Franchising

Definition: A continuing relationship in which a franchisor provides a licensed privilege to the franchisee to do business and offers assistance in organizing, training, merchandising, marketing and managing in return for a monetary consideration. Franchising is a form of business by which the owner (franchisor) of a product, service or method obtains distribution through affiliated dealers (franchisees).
If buying an existing business doesn't sound right for you but starting from scratch sounds a bit intimidating, you could be suited for franchise ownership. Just what is a franchise--and how do you know if you're cut out to be a franchisee? Essentially, a franchisee pays an initial fee and ongoing royalties to a franchisor; in return, the franchisee gains the use of a trademark, ongoing support from the franchisor, and the right to use the franchisor's system of doing business and sell its products or services.

In addition to a well-known brand name, buying a franchise offers many other advantages that aren't available to the entrepreneur starting a business from scratch. Perhaps the most significant is that you get a proven system of operation and training in how to use it. New franchisees can avoid a lot of the mistakes startup entrepreneurs typically make because the franchisor has already perfected daily operations through trial and error.

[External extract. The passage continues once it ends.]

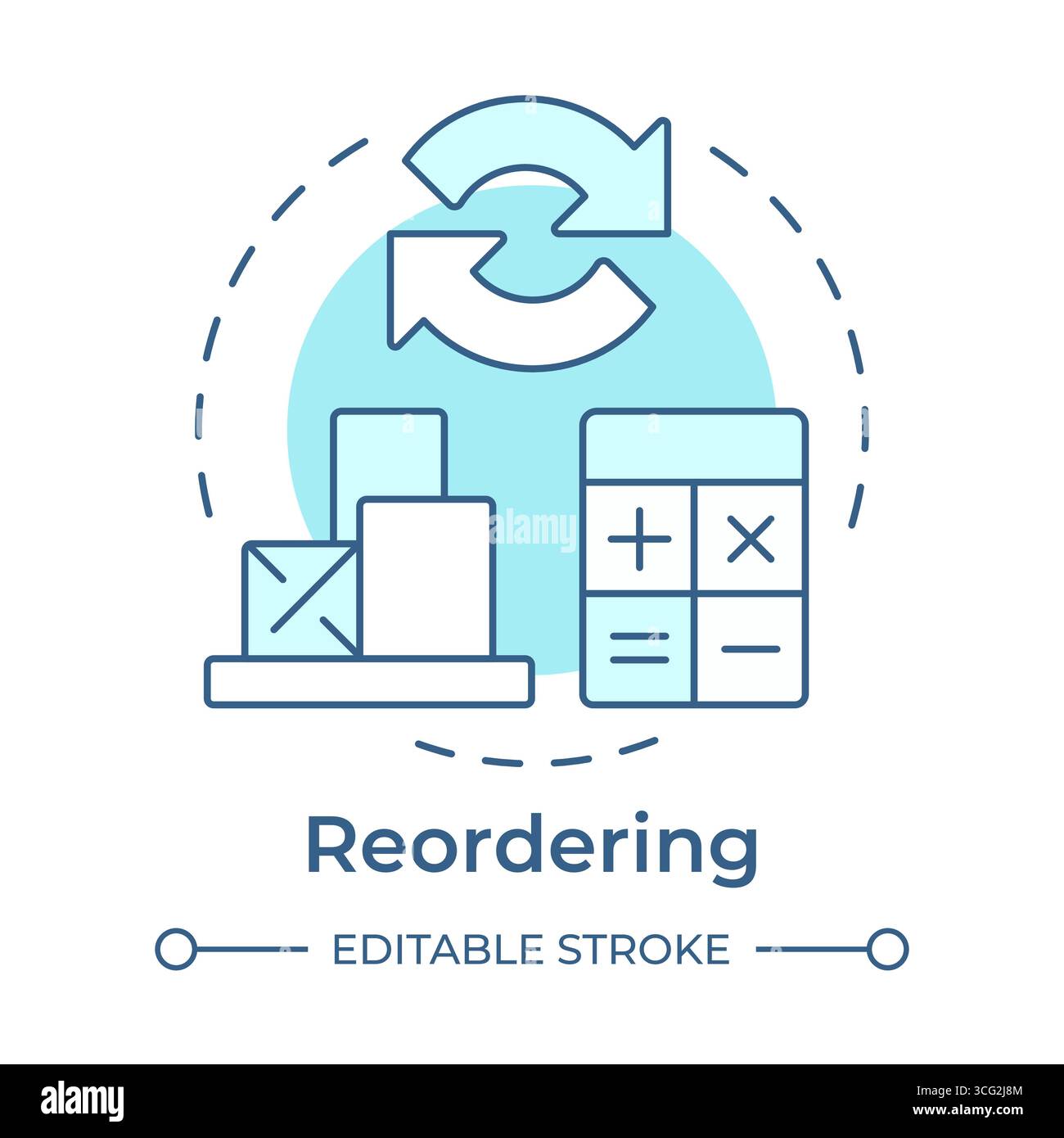 Reordering soft blue concept icon Stock Vector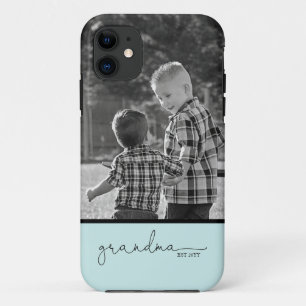  Grandma Script w/ Photo   Teal  iPhone 11 Case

Reputable franchisors conduct market research before selling a new outlet, so you'll feel greater confidence that there's a demand for the product or service. The franchisor also provides you a clear picture of the competition and how to differentiate yourself from them.

Finally, franchisees enjoy the benefit of strength in numbers. You'll gain from economics of scale in buying materials, supplies and services, such as advertising, as well as in negotiating for locations and lease terms. By comparison, independent operators have to negotiate on their own, usually getting less favorable terms. Some suppliers won't deal with new businesses or will reject your business because your account isn't big enough.

Once you've decided a franchise is the right route for you, how do you choose the right one? With so many franchise systems to choose from, the options can be dizzying. Start by investigating various industries that interest you to find those with growth potential. Narrow the choices to a few industries you're most interested in, then analyze your geographic area to see if there's a market for that type of business. If so, contact all the franchise companies in those fields and ask them for information on their franchise opportunity. Any reputable company will be happy to send you information at no cost.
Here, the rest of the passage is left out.